Lily: Ooh, this is comfy. We might actually be able to sleep.
Robin: That's kind of annoying.
Lily: Well, I'm sure somebody will be out here to turn it off any minute. I don't think I can take this. Every time it turns off, I think, oh, maybe it won't turn on again, but then it does. Why does it, Robin? Why does it keep turning on?
Robin: It's gonna be okay, sweetie. Why... Why don't we make a game out of it, okay? Why don't we sing along?
Lily: If we get through this, I swear I'm gonna live my life differently.
Robin: I just want to tell my parents I love them one more time.
Man: Morning, ladies.
Lily: It's him. It's the car guy!
Robin: Get out of here!
Narator: The next morning, Robin was too tired to go all the way back to Brooklyn, so while I was at work, she went to crash at my apartment for a couple hours, and that's when...
Marshall: Nobody does it better than you.
Robin: Marshall?! Oh, my God!
Robin: So if Lily hadn't dragged me down to the wedding dress store, we would have made the first flight.
Ted: Oh, thank God. The doors are still open. We made it. Hi. Please. We really need to get on this flight.
Man: Oh, my God! You're that reporter from Metro News 1.
Robin: Yes, yes, I am. I can't believe you recognized me.
Man: You did that story on the giant pizzas?
Ted: Would you check to see if you have any more seats?
Man: One moment, sir. Were those pizzas real? Come on, were they?
Robin: One second, Ted. Um, you know, a lot of people ask me that. The truth is, the pizzas were real. - Calzones. Trick photography.
Man: I knew it!
Robin: God, it is so nice to meet a fan! And I would be a fan of your work if you could get us two seats on that next flight.
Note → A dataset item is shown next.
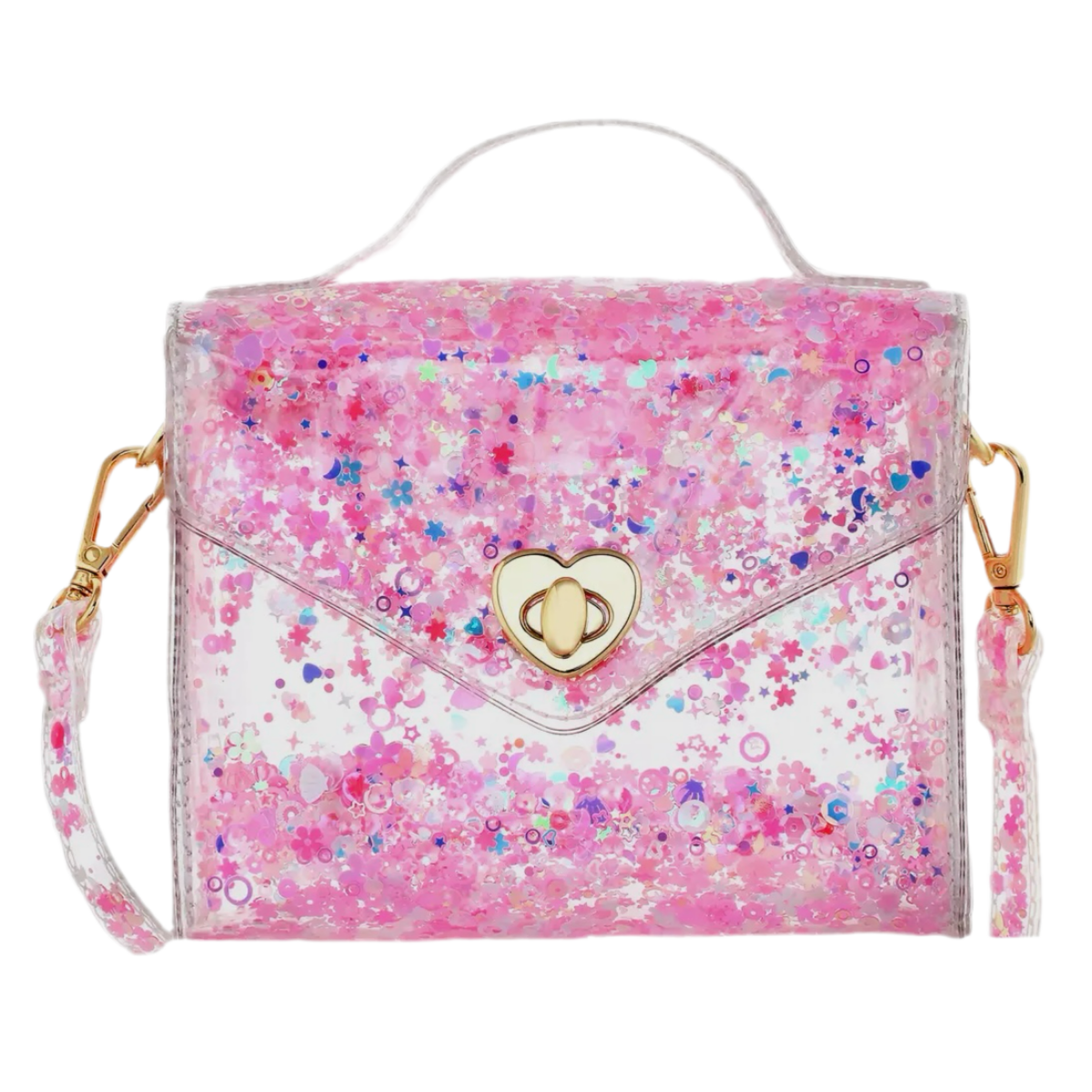 Pink Sparkle Gussie Glitter Bag Little Girl's Clear Purse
Man: Well, the, uh, flight attendants are just finishing up their final seat count. Let me see what I can find out.
Ted: Would it help if I got on and gave an impassioned speech about my destiny?
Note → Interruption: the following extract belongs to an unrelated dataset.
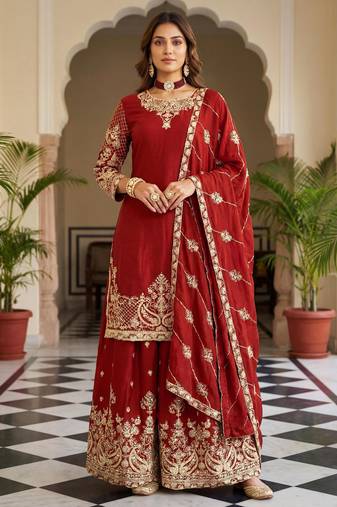 Red silk blend embroidered sharara set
Man: I think it might hurt. This is such a nightmare.
Robin: Okay, so we agree? This goes back to Lily wanting to camp out for a wedding dress?
Ted: No. Wait. It goes back further. Remember why we were eating hot dogs on the East Side?
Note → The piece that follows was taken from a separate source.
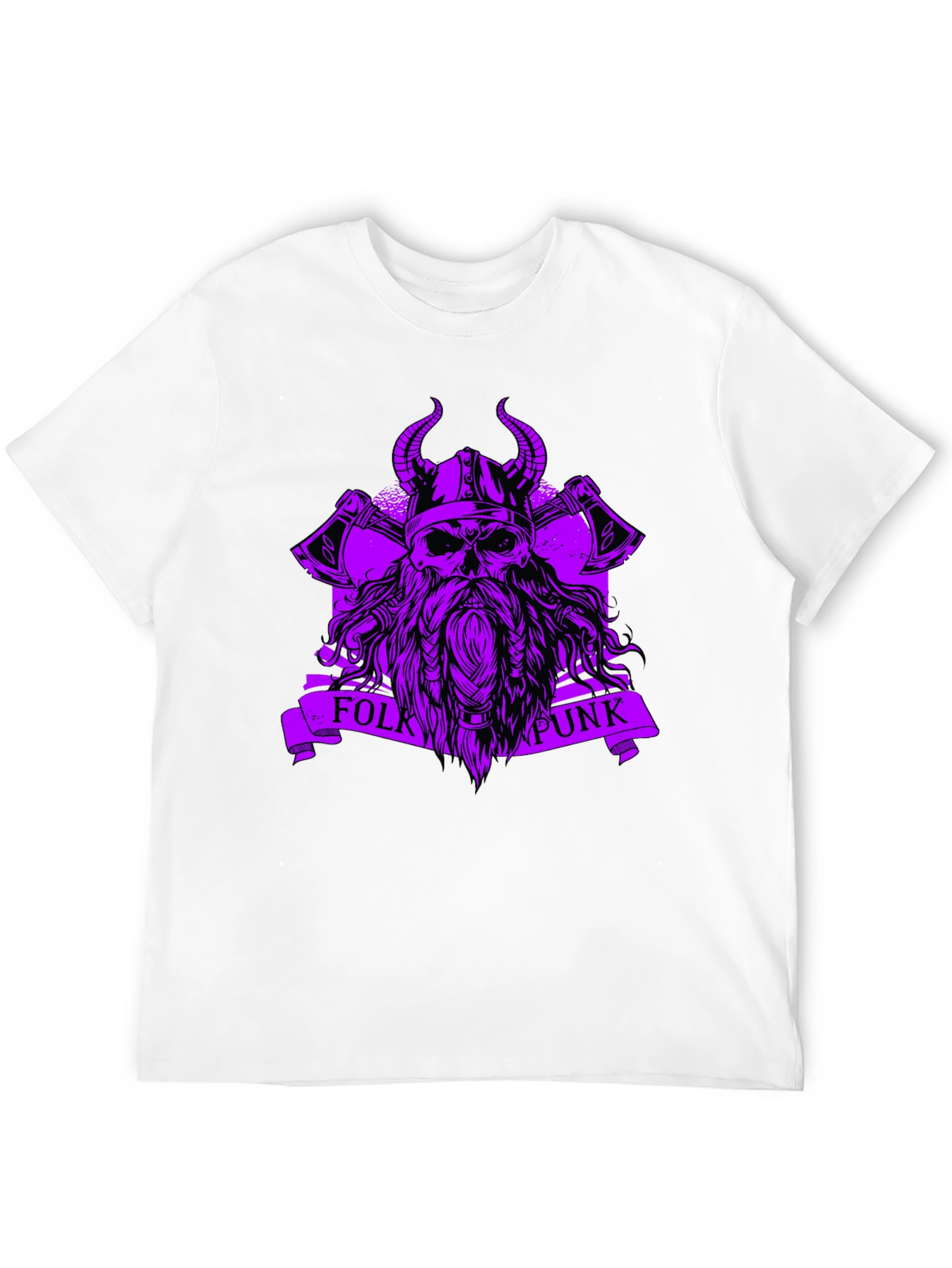 Folk Punk Viking Skull Black T-Shirt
Ted: 1939?! This penny's from 1939! A 67-year-old penny. Do you realize this penny was minted during World War II?
Robin: Oh, so was my grandfather, but that doesn't make him interesting.
Ted: Look, I know a little something about coins, and this baby is worth something to a collector.
Robin: No, it's not.
Ted: Yes, it is! You know what? I'm gonna take you out to dinner with the money I get for this little guy.
Narator: And that's exactly what I did. They're on the street.
Robin: You're lucky there's still a place that serves anything for a dollar fifty.
Ted: Hey, that's 150 times its original value. Actually, the meal was only $1.49. 1984.
Robin: Hey, in 50 years, we can get dinner again.
Ted: How dare you.
Robin: Hey, what's going on?
Ted: I don't know. Looks like they're camping out for something.
Robin: Yeah, but for what?
Ted: It was me. I started this. If I hadn't picked up that penny, we wouldn't have gone to get hot dogs all the way across town.
Robin: And we wouldn't have seen that wedding dress store, Lily wouldn't have wanted to camp out there, and I wouldn't have needed a nap at your apartment the next day.
Ted: Marshall wouldn't have broken his toe. Barney wouldn't have run the marathon. I wouldn't have jumped that turnstile, gotten arrested, had that court date...
Robin: And we would have made our flight. I don't think we can go back any further than that unless you know who dropped the penny.
Ted: I wish I did. Though that person's already been punished enough, losing a sweet penny like that.
Man: Uh, sir?
Ted: Oh, please tell me you have some good news.
Man: Uh, I'm afraid not. There are no extra seats on the plane. I'm sorry.
Robin: All, right, well, thanks for trying.
Ted: I can't believe this. That's it, it's over.
Robin: Ted, come on. Your destiny just wasn't to make it to Chicago today. Anyway, if that firm really wants you, they'll reschedule.
Narator: But that's not what happened. They didn't reschedule. They hired someone else. And as it turned out, three months later, that guy ended up having to relocate to Chicago. Kids, funny thing about destiny, I thought I was destined to get that job. But I was wrong. My destiny was to stay in New York. Because if I hadn't, I never would have met your mother.